A reflection by Elizabeth Schick
This month’s prayer intention from Pope Francis (“That artists of our time, through their creativity, may help us discover the beauty of creation”) truly struck a chord with me, since music has been a part of my life since I was a small child. My musical training opened up windows into an entirely different world, as attending professional symphonies and performing in youth orchestras was a part of my everyday life. But I was always somewhat reticent to share my musical gifts with others in more personal settings: I did not wish to brag or draw undue attention to myself, and I began to see my music-making as something more private, reserved for my immediate family, my fellow music students, and my teachers at recitals, concerts, and competitions.
It was not until fairly recently that I really began to understand that my music could bring joy to other people. During a difficult period in my life, a priest recommended that I volunteer at a nursing home. As an introvert, the last thing I felt capable of doing at that point was talking with people I didn’t know, so I decided to volunteer in a way that seemed to better fit me: I brought my violin to the bimonthly Mass run by my parish’s ministry team at the nursing home. Although I was nervous the whole time I was playing, when I happened to glance up near the end of Mass, I was startled to see the faces of the residents glowing with pleasure as they listened to the music. One woman was even in tears!
I continued to play at the nursing home Mass until I left for graduate school eight months later. The heartfelt gratitude expressed by the residents and their obvious joy in getting to hear the violin showed me how much of a gift my music could be for others. It led me to agree to play for an evening at a homeless shelter, and eventually led me to become part of the music ministry at my parish and then at my graduate school as well. I discovered what a joy it is to be able to use my God-given talents to give joy to others. Through my music, I have been surprised to be able to help draw others closer to God, and, in the process, have been drawn closer to God myself.

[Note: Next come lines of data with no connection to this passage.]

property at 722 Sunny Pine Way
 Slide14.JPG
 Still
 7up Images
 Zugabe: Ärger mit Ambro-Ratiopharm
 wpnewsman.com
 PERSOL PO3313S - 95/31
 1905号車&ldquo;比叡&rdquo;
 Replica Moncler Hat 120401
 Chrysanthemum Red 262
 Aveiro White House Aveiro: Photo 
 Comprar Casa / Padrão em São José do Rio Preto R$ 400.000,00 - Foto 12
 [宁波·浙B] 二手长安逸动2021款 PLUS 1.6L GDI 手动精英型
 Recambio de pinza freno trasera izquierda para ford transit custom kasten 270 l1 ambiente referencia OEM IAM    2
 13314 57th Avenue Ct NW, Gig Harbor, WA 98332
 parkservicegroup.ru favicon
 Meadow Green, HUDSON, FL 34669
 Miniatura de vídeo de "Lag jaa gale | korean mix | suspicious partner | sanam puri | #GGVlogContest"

Many of us have talents that we have “buried” which could instead be used to give joy to others and glory to God (cf. Mt 25:14-30). Perhaps it would be fruitful to reflect on the following questions: How can we creatively integrate the gifts we have been given into our daily lives so as to help others glimpse God? Do we allow the beauty we encounter in our lives lead us closer to Him? How can we incorporate art and music into our lives in ways that might help us and others encounter God?
Elizabeth Schick is a graduate student at the International Theological Institute in Trumau, Austria. She is originally from Michigan.